A vereadora do Bloco de Esquerda (BE) da CML, Beatriz Gomes Dias, também marcou presença e falou com os dirigentes da companhia. “Nós [BE] iremos fazer um requerimento para poder entender quais foram as diligências que a Câmara tomou para encontrar espaços alternativos à Capital e questionar sobre quais foram os motivos que levaram a este atraso tão expressivo na reabilitação e recuperação do espaço para cedência aos Artistas Unidos”, disse ao PÚBLICO. E mencionou ainda a importância de manutenção dos postos de trabalho, assegurados, para já, até o final de 2024.

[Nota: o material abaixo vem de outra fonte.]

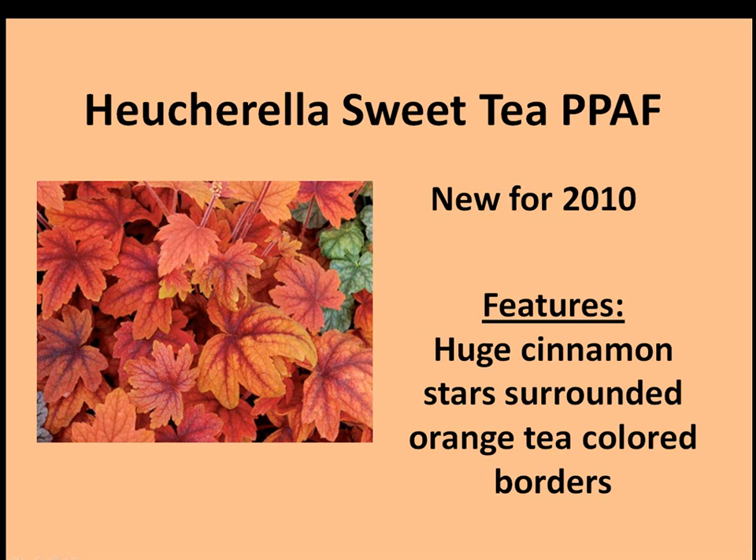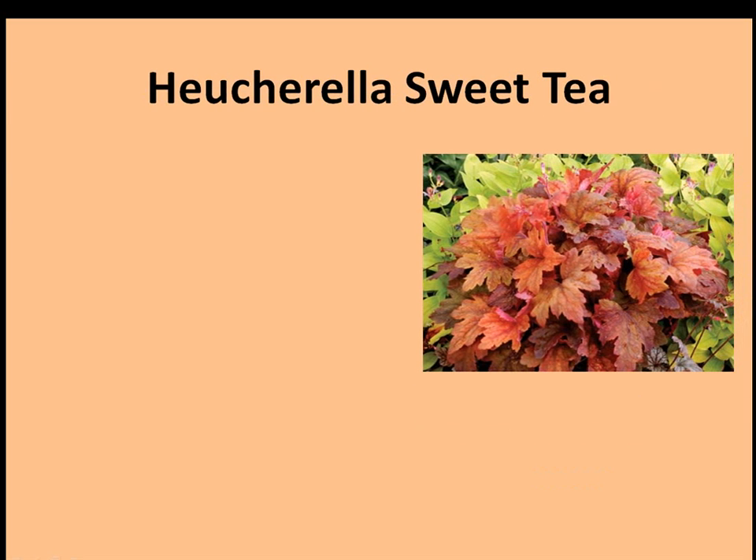Today we're going to talk about the Heucherella Sweet Tea. This is a new edition of the Heucherellas for 2010. Here are the features: the leaves are huge cinnamon stars surrounded by orange tea-colored borders. The Heucherella Sweet Tea.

Pelo menos alguns. João Meireles admitiu que tiveram de despedir pessoas “directamente ligadas ao funcionamento mensal dos espectáculos”. Sem um espaço foram extintos alguns postos de trabalho: já não há necessidade de ter um frente de sala ou alguém a trabalhar na bilheteira, “por muito que custe”. E mesmo quem tem contrato “terá possibilidade de o cumprir fazendo o trabalho para o qual estão contratados?”, questiona. E logo a seguir responde: “Não sei, vamos sabendo”, vive-se no imediato, é impossível perspectivar o futuro neste momento.

Tânia Tomás tem 24 anos e assiste a peças dos Artistas Unidos desde os 14. Está parada na entrada do teatro, já caminhou pelas salas despidas e só consegue dizer que tudo aquilo “é estranho”. “Parece que falta esperança”, diz, e logo a seguir põe mãos à obra.

Agora, o Teatro da Politécnica já não é teatro, passou a ser só edifício da Universidade de Lisboa. Os Artistas Unidos entregam a chave no final de Julho e começam a próxima temporada sem casa, mas com datas marcadas: Vento Forte, de Jon Fosse, dirigido pelo António Simão, estreia em Novembro no Teatro Variedades (espaço do Parque Mayer). Ainda este mês Búfalos, o último da trilogia de Pau Miró, dirigido por Pedro Carraca, estreia a 25 de Julho no Citemor.